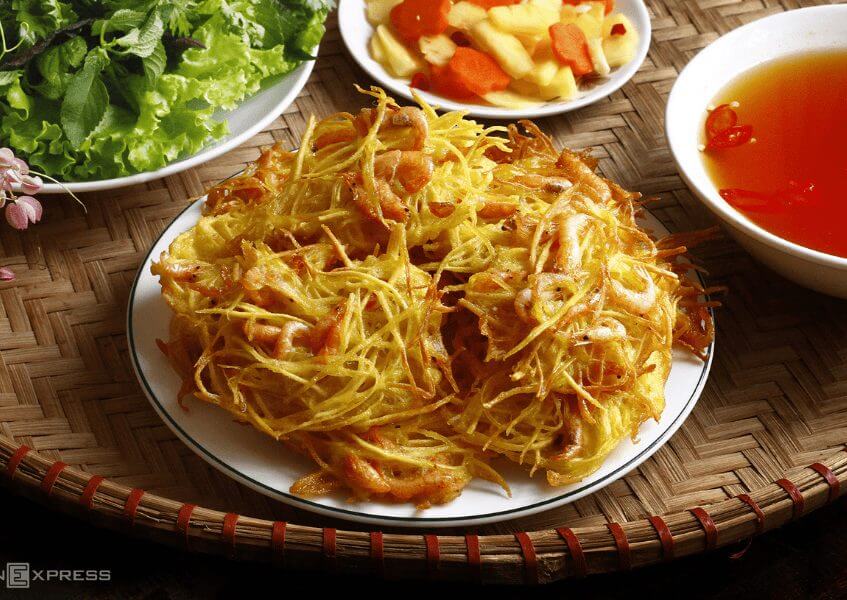 Banh tom ho tay
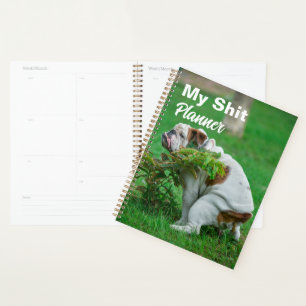 Funny Dog Pooping 2023 Planner
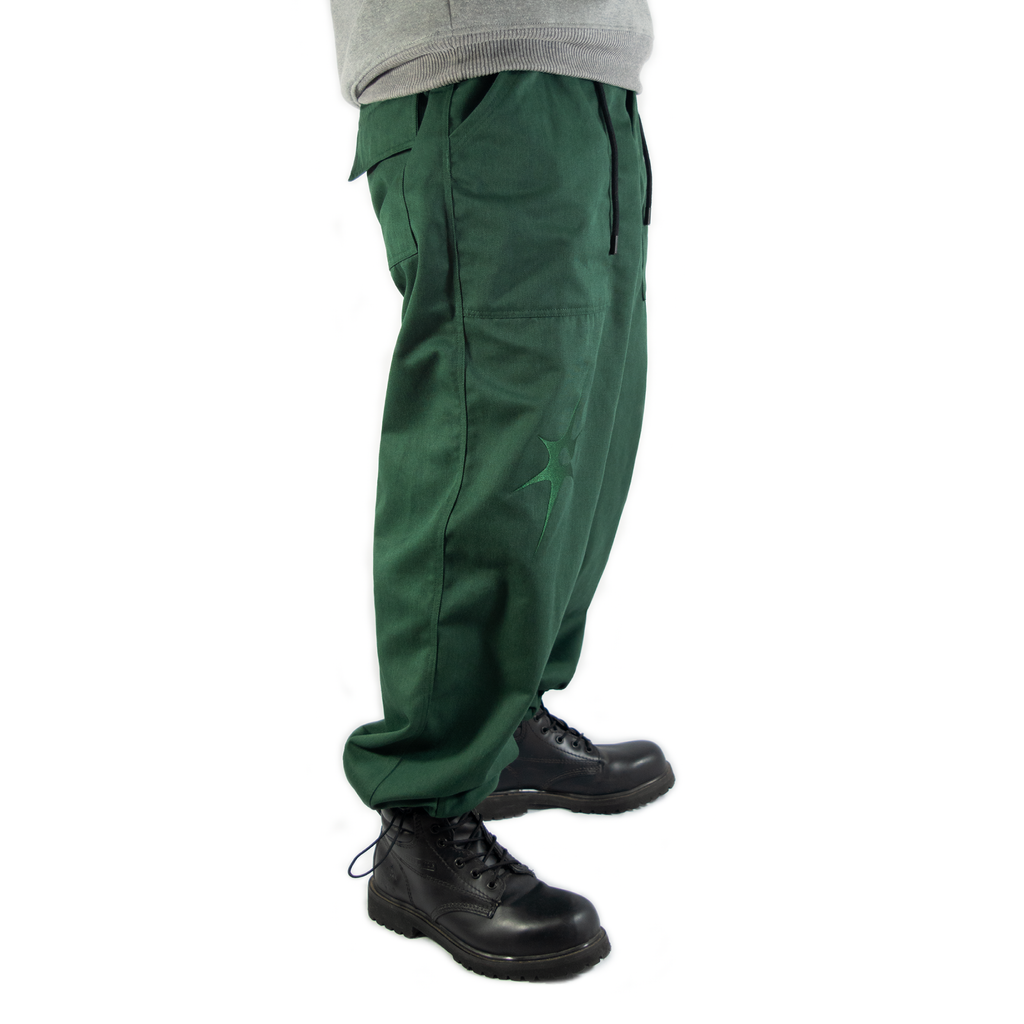 GREEN - CORE BAGGY PANTS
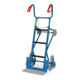 fetra Diable pour outils 11052, capacité de charge 400kg, pelle 19x55cm, 3 étoiles d'escalier, avec roues de support-4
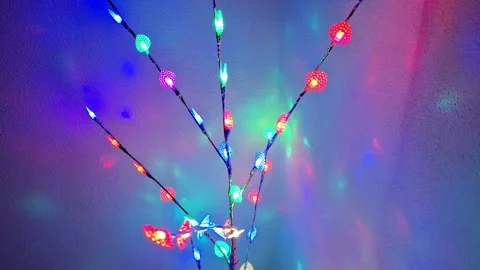 Video with decorative lights for Christmas Stock Footage 323589017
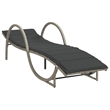 vidaXL Standard Sun Lounger in Light Gray  (Set of 2)
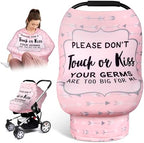 Metplus Baby Car Seat Cover, No Touch Sign Carseat Canopy & Nursing Covers by Metpus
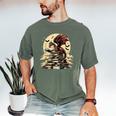 Dragon Reading a Book Dragons And Books Lover Bookworm Men's Comfort Colors T-Shirt Moss Dragon Reading a Book Dragons And Books Lover Bookworm Men's Comfort Colors T-Shirt Moss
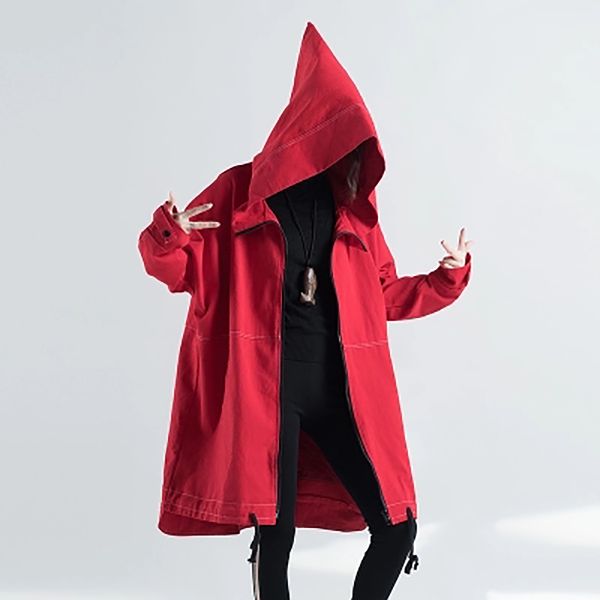 hodded denim red trench coat women winter oversized autumn windbreaker tunic duster coat saco largo mujer plus size clothing 21f, Tan;black
hodded denim red trench coat women winter oversized autumn windbreaker tunic duster coat saco largo mujer plus size clothing 21f, Tan;black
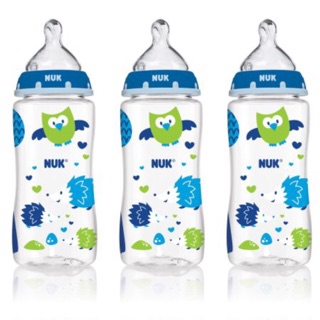 bình sữa cổ rộng Nuk 300ml ( 7 màu )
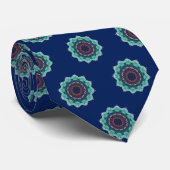 青いガラス ネクタイ (ロール)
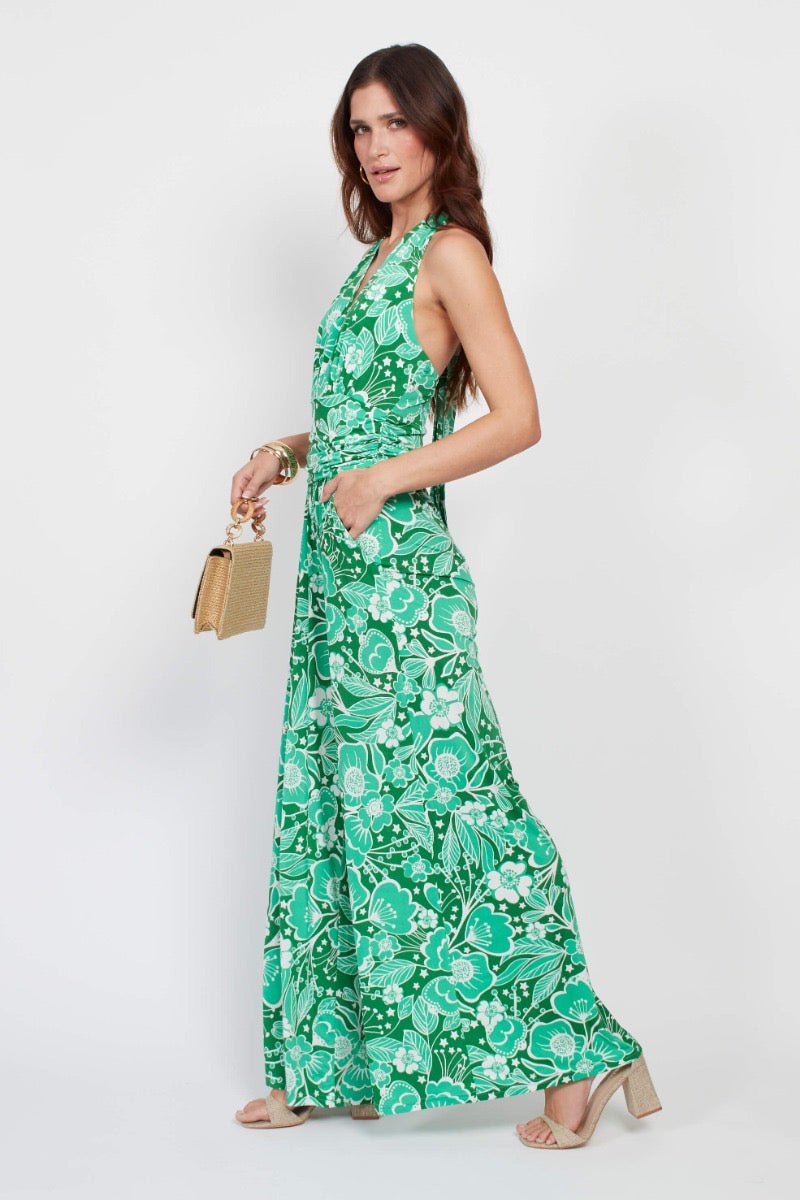 CIARA JUMPSUIT WILDFLOWER GREEN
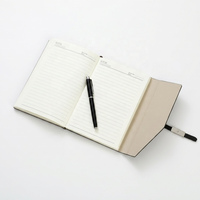 Ensemble cadeau 4 en 1 en cuir PU : carnet, porte-cartes, porte-clés, stylo – Personnalisable avec logo pour entreprises et promotionnels – Vente en gros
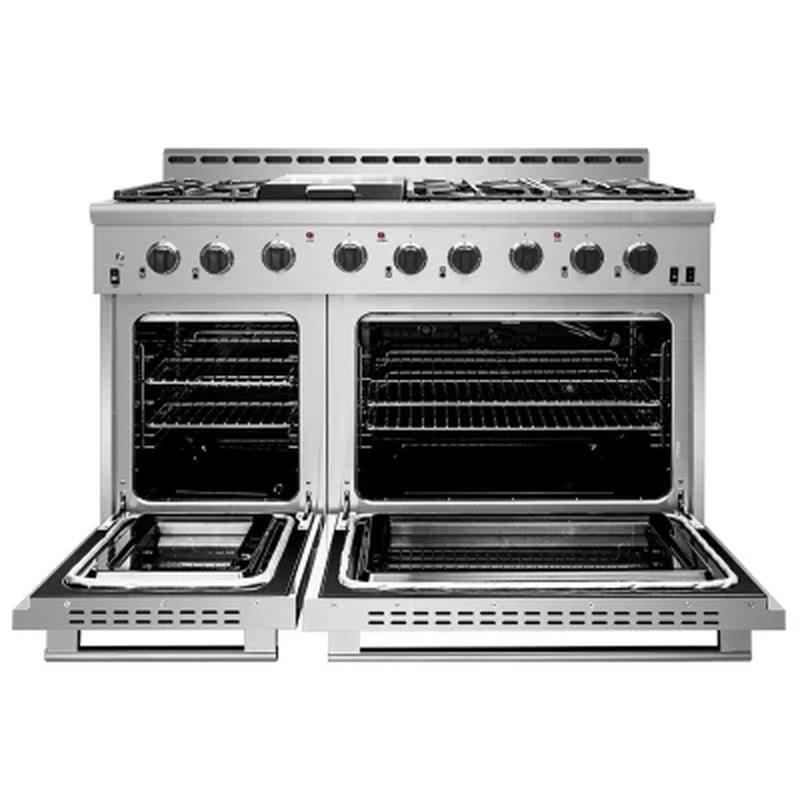 NXR 48 In. LED Professional Style 7.2 Cu. Ft. Freestanding Gas Range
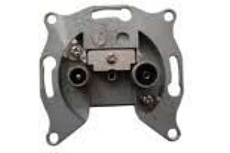 ТВ-розетка проходная TV/радио Liregus Retro коричневый омбре 29-029 1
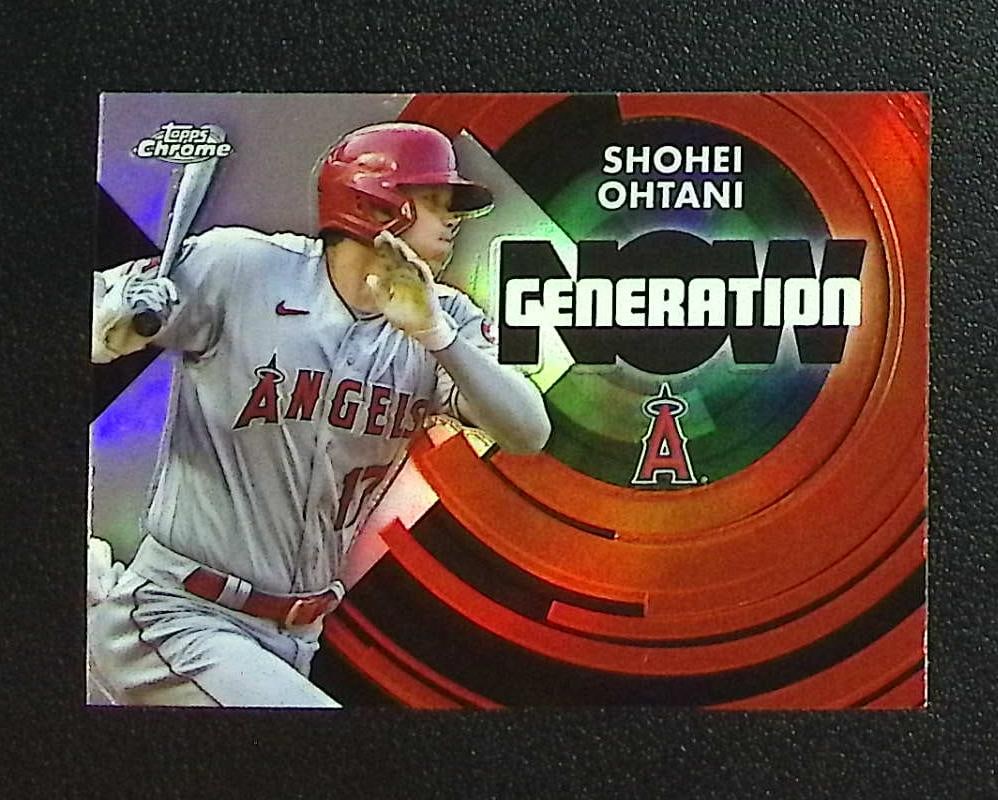 Shohei Ohtani Generation Now 2022 Topps Chrome #GNC-5 Angels, Dodgers: Topps, Bowman, & Fanatics Baseball MLB Trading & Sports Cards, Sports Cards for Sale Near Me, World Series & Hall of Fame Players Memorabilia, Refractors, X-Fractors, Numbered, SP, SSP, Valuable Aucti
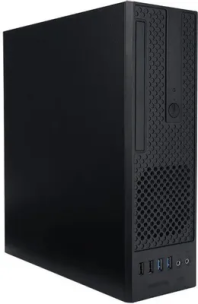 Корпус mATX In Win CJ708BL IP-S265AU7-2, Slim-Tower, 260Вт, черный [cj708bl 6137379]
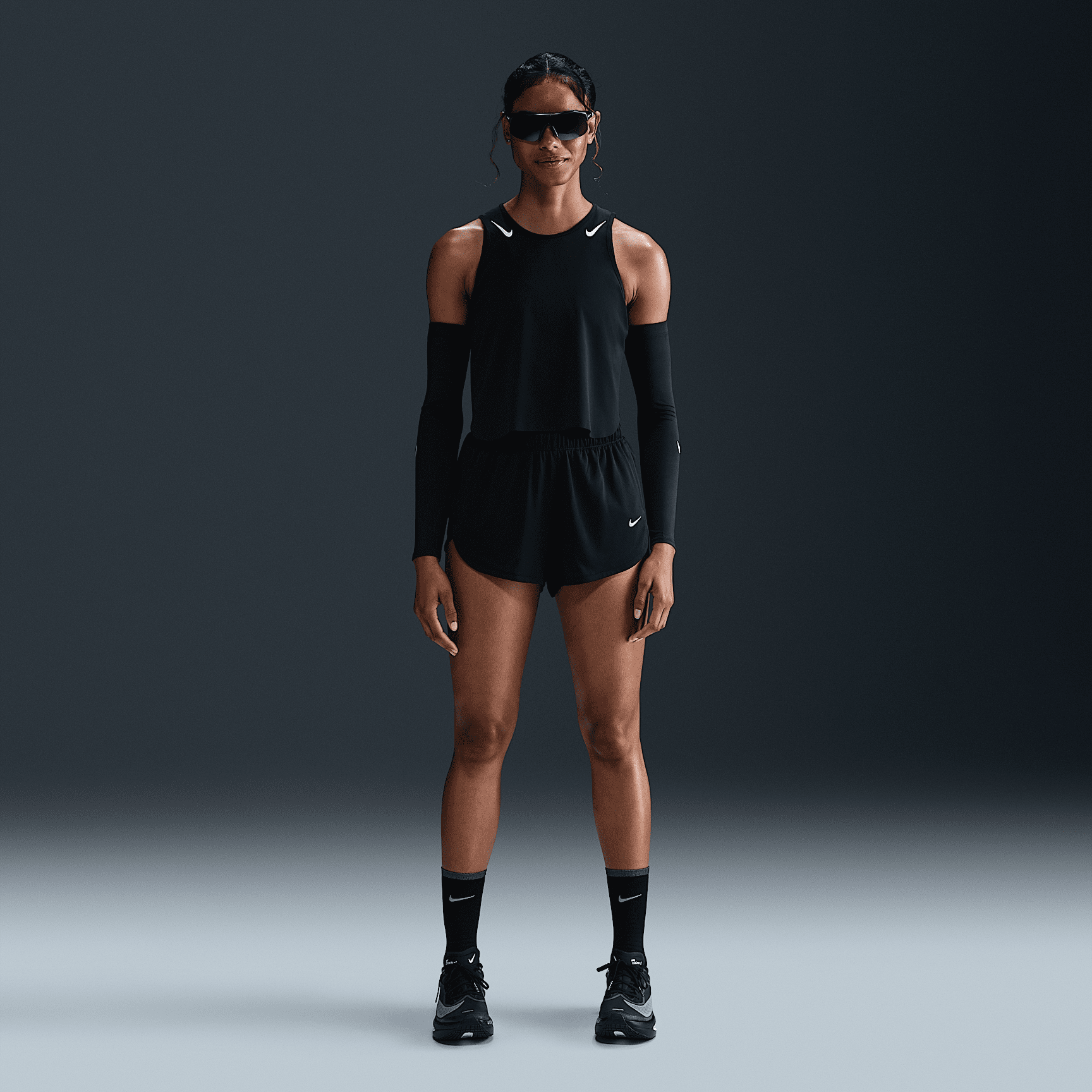 Nike Women's Dri-FIT Brief-Lined Running Shorts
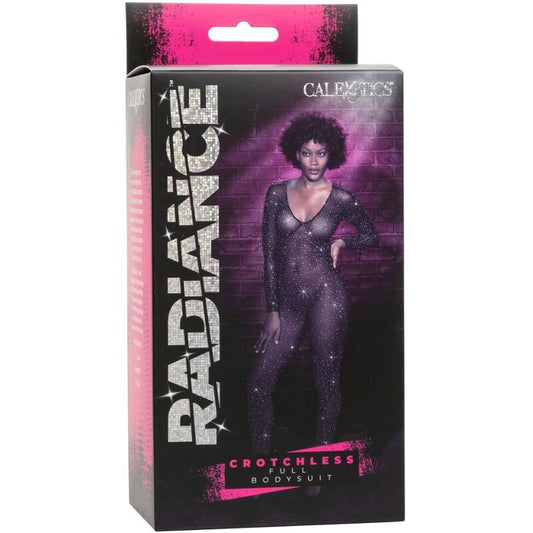 Síťovaný catsuit CALEXOTICS Radiance s otevřeným rozkrokem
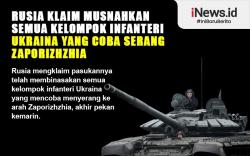 Infografis Rusia Klaim Hancurkan Kelompok Infanteri Ukraina di Zaporizhzhia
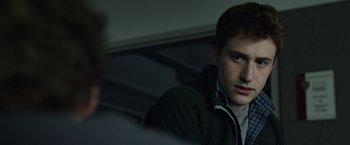 Movie still from “The Social Network” (2010), directed by David Fincher – Close Up shot, Over the shoulder angle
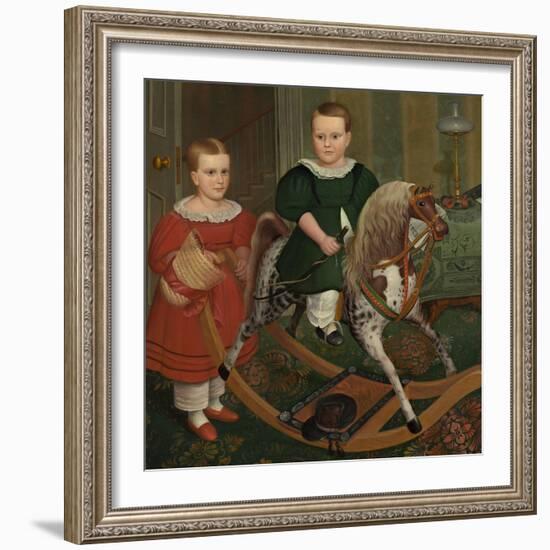 The Hobby Horse, ca. 1840-Robert Peckham-Framed Art Print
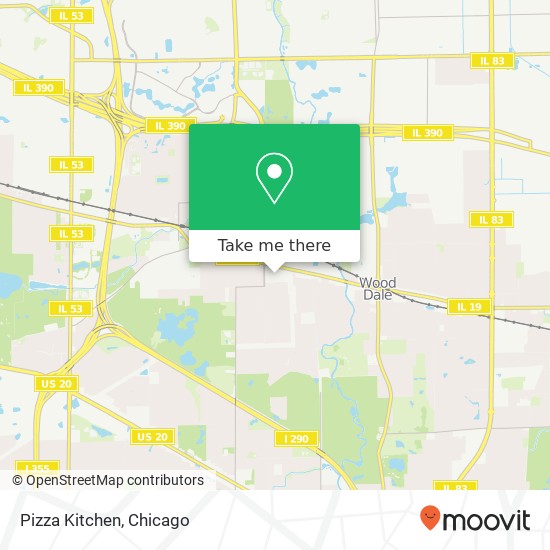 Pizza Kitchen map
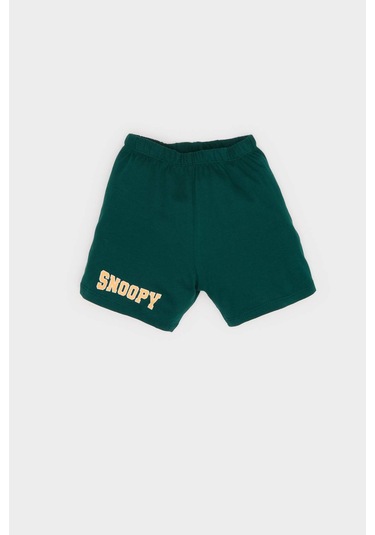 DeFacto Erkek Bebek Snoopy 2'li Takım Kısa Kollu Tişört Beli Lastikli Şort E6920A525SMOG283 Turuncu DeFacto Erkek Bebek Snoopy 2'li Takım Kısa Kollu Tişört Beli Lastikli Şort E6920A525SMOG283 Turuncu
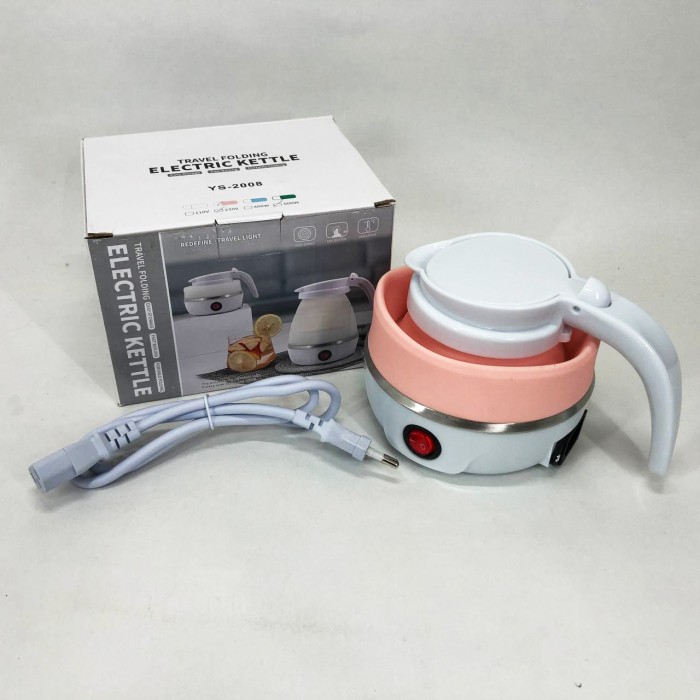 Електрочайник складаний Travel Folding 600ml. Колір: рожевий NX-25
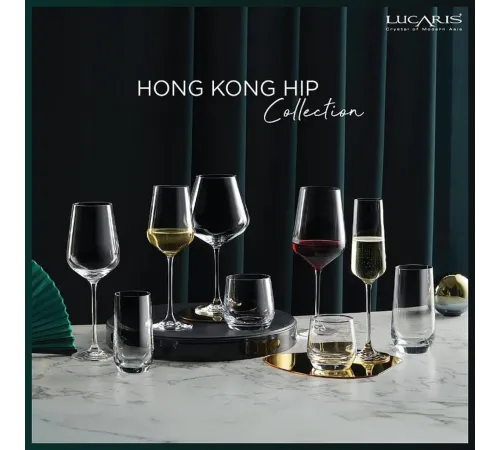 Бокал для вина 545 мл хр. стекло Cabernet "Hongkong Hip" d 9 см h26,3 см Lucaris [6]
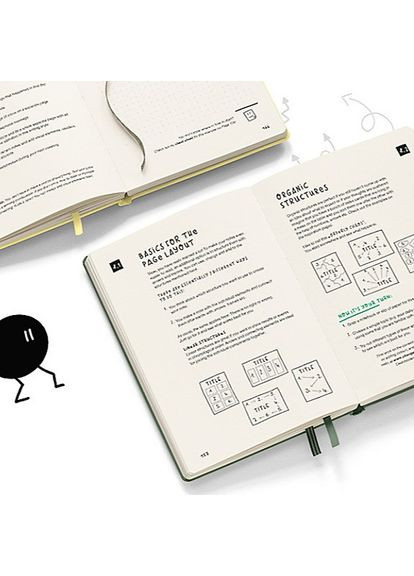 Блокнот SketchNote Journal, Середній, Olive (англ) Leuchtturm1917 (269901125)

YOUR OBJECTIVE |
If a record contains a picture, leave the picture out; repeat the record itself exactly.

RESULT OF THE EXERCISE |
 Banh tom ho tay
 Funny Dog Pooping 2023 Planner
 GREEN - CORE BAGGY PANTS
 fetra Diable pour outils 11052, capacité de charge 400kg, pelle 19x55cm, 3 étoiles d'escalier, avec roues de support-4
 Video with decorative lights for Christmas Stock Footage 323589017
 vidaXL Standard Sun Lounger in Light Gray  (Set of 2)
 Metplus Baby Car Seat Cover, No Touch Sign Carseat Canopy & Nursing Covers by Metpus
 Dragon Reading a Book Dragons And Books Lover Bookworm Men's Comfort Colors T-Shirt Moss Dragon Reading a Book Dragons And Books Lover Bookworm Men's Comfort Colors T-Shirt Moss
 hodded denim red trench coat women winter oversized autumn windbreaker tunic duster coat saco largo mujer plus size clothing 21f, Tan;black
hodded denim red trench coat women winter oversized autumn windbreaker tunic duster coat saco largo mujer plus size clothing 21f, Tan;black
 bình sữa cổ rộng Nuk 300ml ( 7 màu )
 青いガラス ネクタイ (ロール)
 CIARA JUMPSUIT WILDFLOWER GREEN
 Ensemble cadeau 4 en 1 en cuir PU : carnet, porte-cartes, porte-clés, stylo – Personnalisable avec logo pour entreprises et promotionnels – Vente en gros
 NXR 48 In. LED Professional Style 7.2 Cu. Ft. Freestanding Gas Range
 ТВ-розетка проходная TV/радио Liregus Retro коричневый омбре 29-029 1
 Shohei Ohtani Generation Now 2022 Topps Chrome #GNC-5 Angels, Dodgers: Topps, Bowman, & Fanatics Baseball MLB Trading & Sports Cards, Sports Cards for Sale Near Me, World Series & Hall of Fame Players Memorabilia, Refractors, X-Fractors, Numbered, SP, SSP, Valuable Aucti
 Корпус mATX In Win CJ708BL IP-S265AU7-2, Slim-Tower, 260Вт, черный [cj708bl 6137379]
 Nike Women's Dri-FIT Brief-Lined Running Shorts
 Síťovaný catsuit CALEXOTICS Radiance s otevřeným rozkrokem
 Infografis Rusia Klaim Hancurkan Kelompok Infanteri Ukraina di Zaporizhzhia
 Movie still from “The Social Network” (2010), directed by David Fincher – Close Up shot, Over the shoulder angle
 The Hobby Horse, ca. 1840-Robert Peckham-Framed Art Print
 Pizza Kitchen map
 DeFacto Erkek Bebek Snoopy 2'li Takım Kısa Kollu Tişört Beli Lastikli Şort E6920A525SMOG283 Turuncu DeFacto Erkek Bebek Snoopy 2'li Takım Kısa Kollu Tişört Beli Lastikli Şort E6920A525SMOG283 Turuncu
 Електрочайник складаний Travel Folding 600ml. Колір: рожевий NX-25
 Бокал для вина 545 мл хр. стекло Cabernet "Hongkong Hip" d 9 см h26,3 см Lucaris [6]
 Блокнот SketchNote Journal, Середній, Olive (англ) Leuchtturm1917 (269901125)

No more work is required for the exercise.